This should curb deviant opinions about fundamental cornerstones of D&D like the rustmonster, any modules from the B series, levers with instakill traps, lasers in D&D, dragonboobs, golden wyverns, dwarven beards, xp from treasure, training costs, the creation of holy water, buying and selling magic weapons, spells for fighters, vancian magic, halflings riding on dinosaurs, robots in D&D, the Dragonlance series, the Gord novels, influences from S&S or high fantasy on the game, rolling (or not rolling) stats, rolling (or not rolling) hp, attack matrix vs. Thac0 vs. Bab vs. level bonus, taking the paladin's powers away, do castles make sense in a world of magic, why was the complete book of elves so overpowered, why Dragonborn and not Lizardmen, was skills & powers 2.5, why 3.5, is Essentials 4.5 and most importantly, can my fellow players touch my dice without jinxing my luck?

But what would we talk about here on ENworld once order has been restored in the opinionverse?
 

Maggan

Writer for CY_BORG, Forbidden Lands and Dragonbane
What we need is an impartial panel of D&D experts

I think it'd be easier to aim for a single "Mad Tyrant of Fun" who would be chosen from the thousands of gamers who would claim the title.

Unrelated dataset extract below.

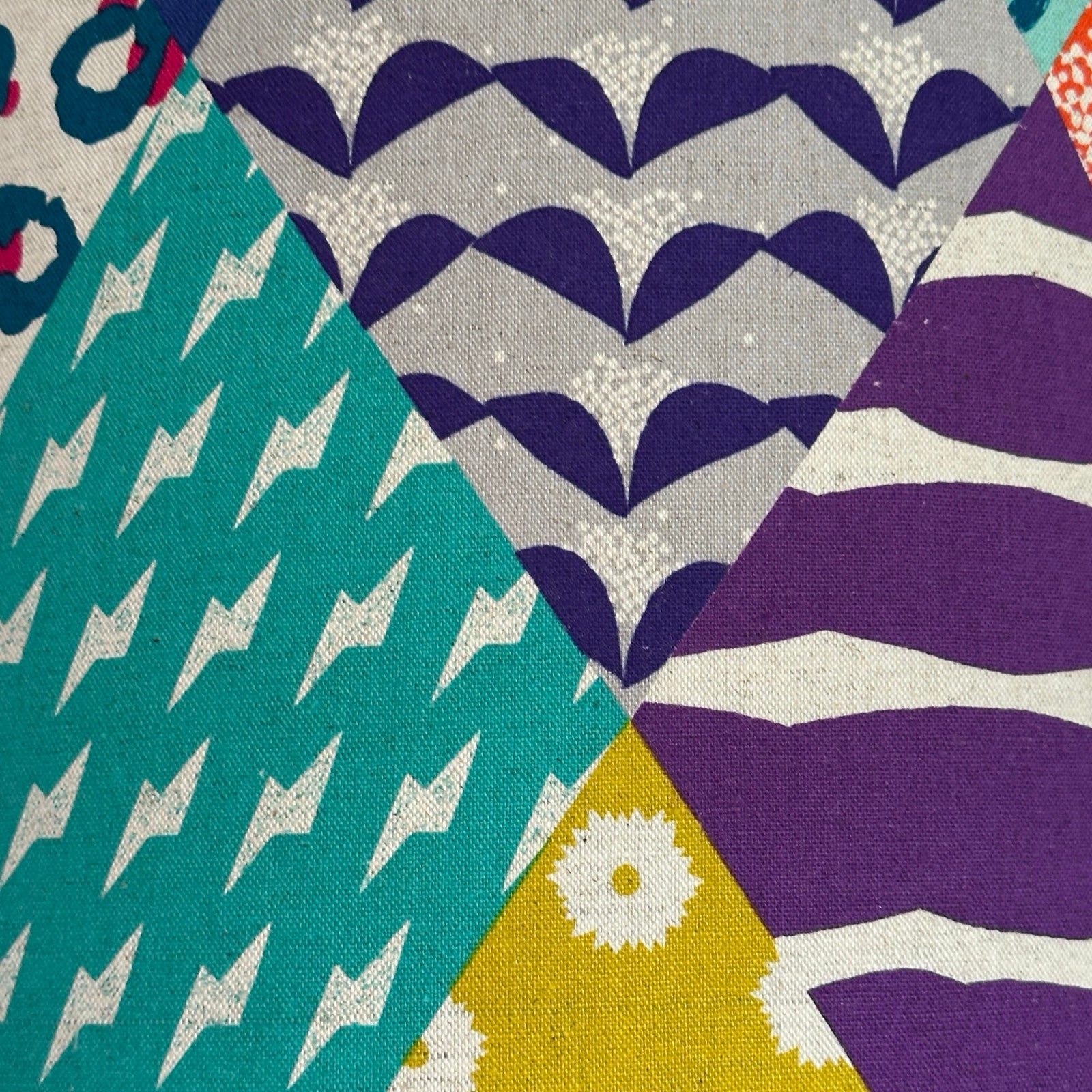 Colourful geometric patterned lampshade.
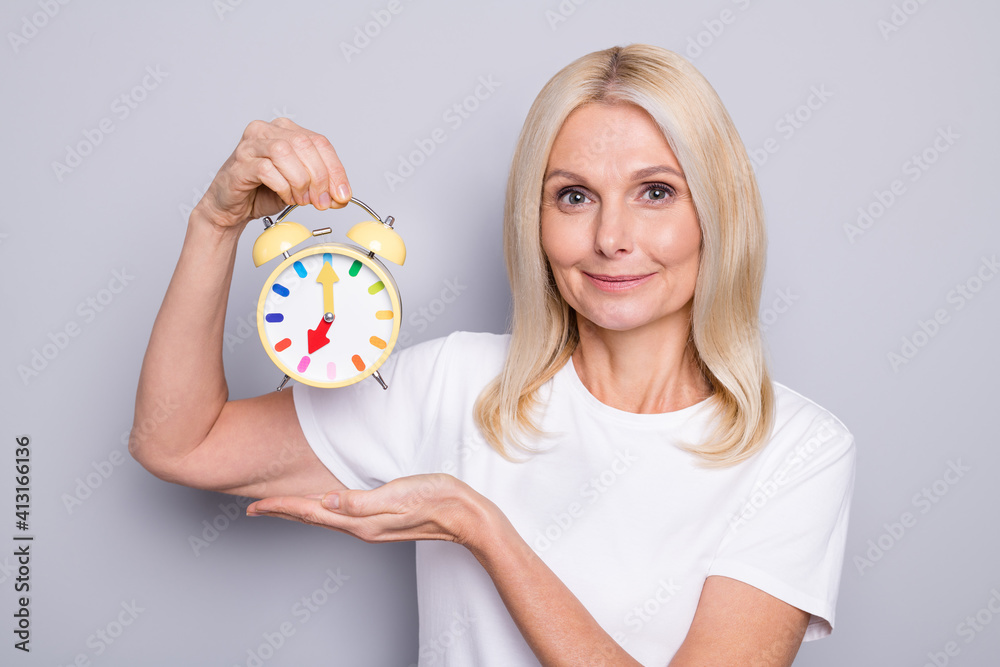 Portrait of blond optimistic old lady show clock wear white cloth isolated on grey color background Portrait of blond optimistic old lady show clock wear white cloth isolated on grey color background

A single point of opinion that we all must heed.

That, and Badwrongfun Ninjas under his command should settle things nicely.

/M
 



M.L. Martin

Adventurer
Wow. Is that a serious review?

From what I was able to find in discussions here, it's over the top with a grain of truth (sort of like my characterizations of Old School :) )--Mearls really does think B2 is lacking compared to other D&D modules that were around at the same time, and was a poor choice for including in the introductory set.
 

The DM is the difference between D&D being a boardgame and it being a role-playing game. <snip>

I think I know basically what you meant with your post and I agree with you. I would be very worried about D&D done without a DM, especially given the combat, combat, combat style of WotC adventures (not a slam against 4e...the Open Design 4e adventures I own are rife with roleplaying).

Could it be done well without a DM? Sure! Would WotC do it in a way that engaged roleplaying, plot, adventure, and story as thoroughly as combat? I doubt it.

So, yeah, I agree with you there.



However, I don't agree that the difference between a boardgame and an RPG is the DM. There are a number of really great rpgs out there that don't require a DM or GM at all. These (might) include:
Universalis
Polaris
Shab Al-Hiri Roach
Fiasco

I say might because it could be argued that for some of these there is a DM, but one who rotates across the players, or that these are not RPGs, but rather "story games".


But, yeah, overall, if you're going to make an RPG that doesn't require a DM it requires a lot more than "figuring out ways to eliminate the DM". The much more important part is developing rules to facilitate story and roleplaying that take the place of the DM.